NVIDIA GPU accelerator cards have been a popular option for high-end VDI uses cases for many years. These cards provide the ability to virtualize graphic intensive workloads onto standard hypervisor hosts without dedicating hardware to a single individual user, allowing VDI architects to spread the cost of what is relatively expensive equipment across many users.

Back in 2015 I wrote a blog post about how to integrate NVIDIA cards with App Layering that included both a recipe for handling the installation and a utility to make it possible to modify the vSphere VMX settings for the cards manually or dynamically.
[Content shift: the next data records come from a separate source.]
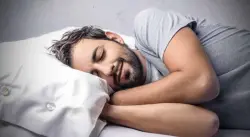ثمرة واحدة من هذه الفاكهة قبل النوم تُحسّن جودة نومك بشكل ملحوظ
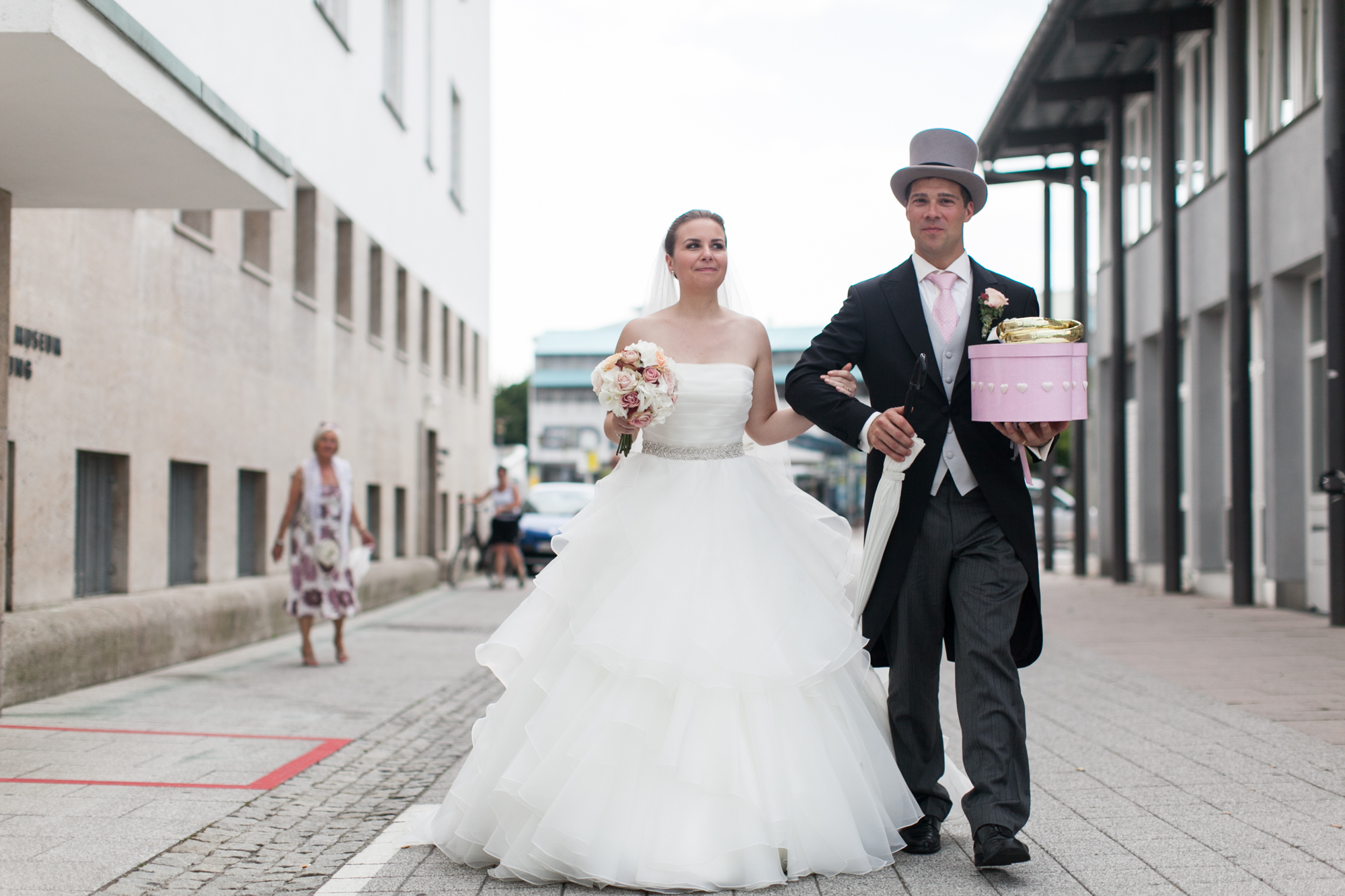 Fotograf Konstanz - Hochzeit Raphaela Phillip 061 - Wedding Story from Raphaela and Phillip at Lake of Constance - 189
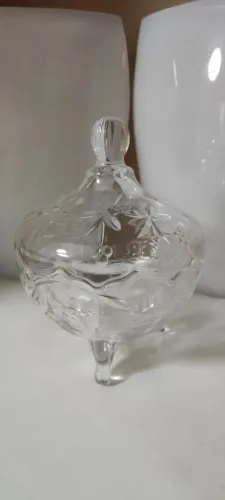 Bomboniere de Cristal com Tampa e Pés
The good news is that now you don’t need a utility, and the process to deploy the drivers is easy if you follow a few defined steps.

GPU Architecture Summary

First, I wanted to cover some basics about the virtual GPU architecture for anyone who is new to the technology. The testing I have done in my lab uses a vSphere Hypervisor, so I will concentrate on options available for vSphere customers.

vSphere supports several ways to use NVIDIA graphics cards to provide GPU functionality to virtual machines. These include:

  • Virtual Shared Graphics Acceleration (vSGA)
  • Virtual Dedicated Graphics Acceleration (vDGA)
  • Virtual Shared Graphics Acceleration (vGPU)

vSGA

This provides the ability to share NVIDIA GPUs among many virtual desktops. An NVIDIA driver is installed on the hypervisor, and the desktops use a proprietary VMware-developed driver that will access the shared GPU. This option supports only up to DirectX 9 and OpenGL2.1. At this point I think that everyone deploying shared graphics on vSphere implements vGPU technology because it provides better performance and newer versions of graphics library support.

vDGA

This is a hardware passthrough mode where the GPU is not shared but accessed directly by the virtual machine. This mode supports the real NVIDIA graphics driver and attaches directly to the GPU from the VM. This option is very expensive if used for virtual desktops because each GPU card can only support a very limited number of desktops. It’s more viable for shared Citrix Virtual Apps session hosts because the GPU can then be shared by all users on the session host. This option supports the latest versions of DirectX and OpenGL and should have the graphical performance of a high-end graphical workstation.

vGPU

vGPU has many of the benefits of vDGA but can also share the NVIDIA GPUs. Here, you install an NVIDIA VIB driver in the hypervisor and an NVIDIA driver on the virtual machine. vGPU supports DirectX 11, 12, 2D, Open CL 1.2, and OpenGL 4.6. See the NVIDIA virtual GPU software documentation for more details.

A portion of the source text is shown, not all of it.